Monday, January 5, 2009

John Douglass Guide to Careers in the FBI or Utopia

John Douglas's Guide to Careers in the FBI: The Complete Guide to the Skills and Education Required for Competitive FBI Candidates

Author: John Douglas

Want to be an FBI Agent?

The FBI is more selective than Harvard. Learn the background and skills you'll need to excel with the help of this comprehensive guide from John Douglas, a former FBI profiler.
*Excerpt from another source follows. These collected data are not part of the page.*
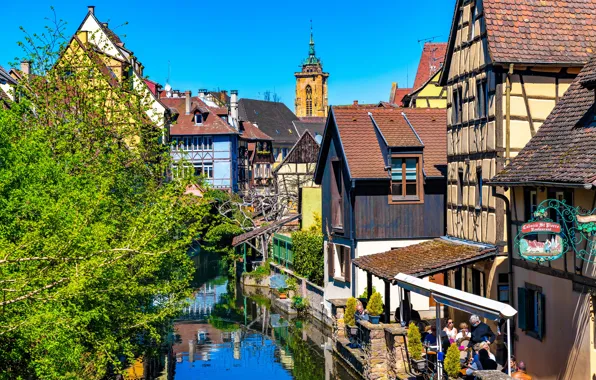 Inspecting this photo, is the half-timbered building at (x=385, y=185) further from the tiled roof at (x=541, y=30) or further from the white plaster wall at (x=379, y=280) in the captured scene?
the tiled roof at (x=541, y=30)

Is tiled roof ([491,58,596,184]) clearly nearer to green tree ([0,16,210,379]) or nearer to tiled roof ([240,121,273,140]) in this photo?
green tree ([0,16,210,379])

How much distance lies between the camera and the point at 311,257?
3634cm

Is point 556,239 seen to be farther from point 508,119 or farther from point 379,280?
point 379,280

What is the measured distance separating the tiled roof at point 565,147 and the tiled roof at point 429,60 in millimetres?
28067

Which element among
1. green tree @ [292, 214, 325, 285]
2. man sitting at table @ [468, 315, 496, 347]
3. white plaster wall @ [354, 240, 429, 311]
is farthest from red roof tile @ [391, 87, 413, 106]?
man sitting at table @ [468, 315, 496, 347]

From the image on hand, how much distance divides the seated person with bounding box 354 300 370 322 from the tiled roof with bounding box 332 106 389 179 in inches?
195

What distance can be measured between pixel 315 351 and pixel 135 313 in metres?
10.3

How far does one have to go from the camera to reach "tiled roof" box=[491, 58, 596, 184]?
53.7ft

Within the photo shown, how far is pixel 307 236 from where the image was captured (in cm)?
3678

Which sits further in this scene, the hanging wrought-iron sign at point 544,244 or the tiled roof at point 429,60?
the tiled roof at point 429,60

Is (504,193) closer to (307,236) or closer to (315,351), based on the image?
(315,351)

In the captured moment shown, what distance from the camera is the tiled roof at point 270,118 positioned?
101619 millimetres

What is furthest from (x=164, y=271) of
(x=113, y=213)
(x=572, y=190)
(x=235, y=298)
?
(x=235, y=298)

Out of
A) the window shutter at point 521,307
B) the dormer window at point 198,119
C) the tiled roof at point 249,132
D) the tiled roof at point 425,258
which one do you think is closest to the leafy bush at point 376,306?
the tiled roof at point 425,258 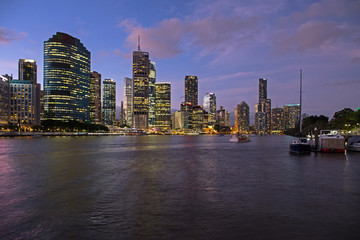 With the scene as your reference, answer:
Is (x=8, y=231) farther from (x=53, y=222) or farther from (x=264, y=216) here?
(x=264, y=216)

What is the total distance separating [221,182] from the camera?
30.8 m

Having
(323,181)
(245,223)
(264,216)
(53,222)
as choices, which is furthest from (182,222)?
(323,181)

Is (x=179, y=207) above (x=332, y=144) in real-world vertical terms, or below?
below

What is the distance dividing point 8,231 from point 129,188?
13.1 m

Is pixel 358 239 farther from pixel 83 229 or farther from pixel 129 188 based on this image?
pixel 129 188

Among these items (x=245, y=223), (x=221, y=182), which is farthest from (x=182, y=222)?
(x=221, y=182)

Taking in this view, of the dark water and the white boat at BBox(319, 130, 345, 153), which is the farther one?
the white boat at BBox(319, 130, 345, 153)

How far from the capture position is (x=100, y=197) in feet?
76.3

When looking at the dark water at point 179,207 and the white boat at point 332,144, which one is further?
the white boat at point 332,144

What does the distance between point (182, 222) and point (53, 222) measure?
7.77 meters

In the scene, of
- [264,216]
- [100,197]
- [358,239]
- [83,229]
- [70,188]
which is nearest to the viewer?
[358,239]

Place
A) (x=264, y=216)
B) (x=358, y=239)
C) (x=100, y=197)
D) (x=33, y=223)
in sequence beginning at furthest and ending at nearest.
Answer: (x=100, y=197)
(x=264, y=216)
(x=33, y=223)
(x=358, y=239)

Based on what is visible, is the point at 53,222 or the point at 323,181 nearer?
the point at 53,222

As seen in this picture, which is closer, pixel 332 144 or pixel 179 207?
pixel 179 207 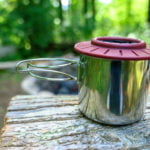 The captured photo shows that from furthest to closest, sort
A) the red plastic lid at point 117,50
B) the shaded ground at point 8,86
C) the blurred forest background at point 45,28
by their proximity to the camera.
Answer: the blurred forest background at point 45,28, the shaded ground at point 8,86, the red plastic lid at point 117,50

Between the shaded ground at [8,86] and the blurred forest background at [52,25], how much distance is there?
52.5 inches

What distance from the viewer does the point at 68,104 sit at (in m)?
1.15

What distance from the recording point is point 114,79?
2.57 feet

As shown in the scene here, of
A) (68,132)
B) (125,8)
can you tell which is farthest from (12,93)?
(125,8)

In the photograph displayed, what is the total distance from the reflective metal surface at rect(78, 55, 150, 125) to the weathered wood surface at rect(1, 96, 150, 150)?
0.06 m

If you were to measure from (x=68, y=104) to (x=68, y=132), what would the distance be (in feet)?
0.98

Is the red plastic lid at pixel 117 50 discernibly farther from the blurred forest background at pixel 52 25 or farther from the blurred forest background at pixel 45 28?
the blurred forest background at pixel 52 25

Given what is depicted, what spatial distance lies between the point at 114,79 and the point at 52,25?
17.8 ft

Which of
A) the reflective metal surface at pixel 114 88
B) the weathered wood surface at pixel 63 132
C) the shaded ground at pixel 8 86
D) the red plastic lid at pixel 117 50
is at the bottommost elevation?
the shaded ground at pixel 8 86

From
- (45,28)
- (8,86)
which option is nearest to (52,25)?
(45,28)

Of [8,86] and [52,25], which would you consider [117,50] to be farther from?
[52,25]

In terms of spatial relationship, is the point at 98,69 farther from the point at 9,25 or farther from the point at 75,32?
the point at 75,32

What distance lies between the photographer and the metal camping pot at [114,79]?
76cm

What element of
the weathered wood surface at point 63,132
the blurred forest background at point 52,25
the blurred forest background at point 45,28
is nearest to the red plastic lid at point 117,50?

Drawing on 25 years of solid FBI experience, Douglas gives you the inside track on everything you need to know to be a competitive FBI candidate, including:

• Former Special Agents' experiences and insights on the front lines

• The FBI's rapidly evolving role in an era rife with security concerns

• Information on the academic fields, professional skills, volunteer experiences, and personal attributes most highly regarded by FBI recruiters

• A detailed description of the application process from the written tests to the background check

• The heightened role of women and minorities in the organization

• An informative history of the Bureau, from the Hoover era through today's counterterrorism campaign




Table of Contents:

CONTENTS

Part One: Introduction to the FBI

Chapter 1: The Best Work in Law Enforcement

Part Two: What Applicants Should Know About the FBI

Chapter 2: The History of the FBI

Chapter 3: The Organizational Structure of the FBI

Chapter 4: The FBI's Role in Society

Chapter 5: The FBI Mission Post-September 11

Part Three: Career Opportunities with the FBI

Chapter 6: Applicant Outlook

Chapter 7: Special Agent Positions

Chapter 8: Professional Support Positions

Part Four: Strategies for Application

Chapter 9: Improving Your Chances

Chapter 10: The Application Process

Part Five: Appendixes

Appendix 1: Sample Salary Charts

Appendix 2: FBI Field Offices

Interesting textbook: The Essential Writings of Machiavelli or The Eloquent President

Utopia

Author: Thomas Mor

16th-century classic by brilliant humanist, churchman and scholar envisioned a patriarchal island kingdom that practiced religious tolerance, in which everybody worked, all goods were community-owned, and violence, bloodshed and vice were nonexistent. Forerunner of many later attempts at establishing "Utopias" both in theory and in practice.

What People Are Saying

Louis Martz
Fluent and highly readable, this new version should be welcomed by all admirers of the Utopia.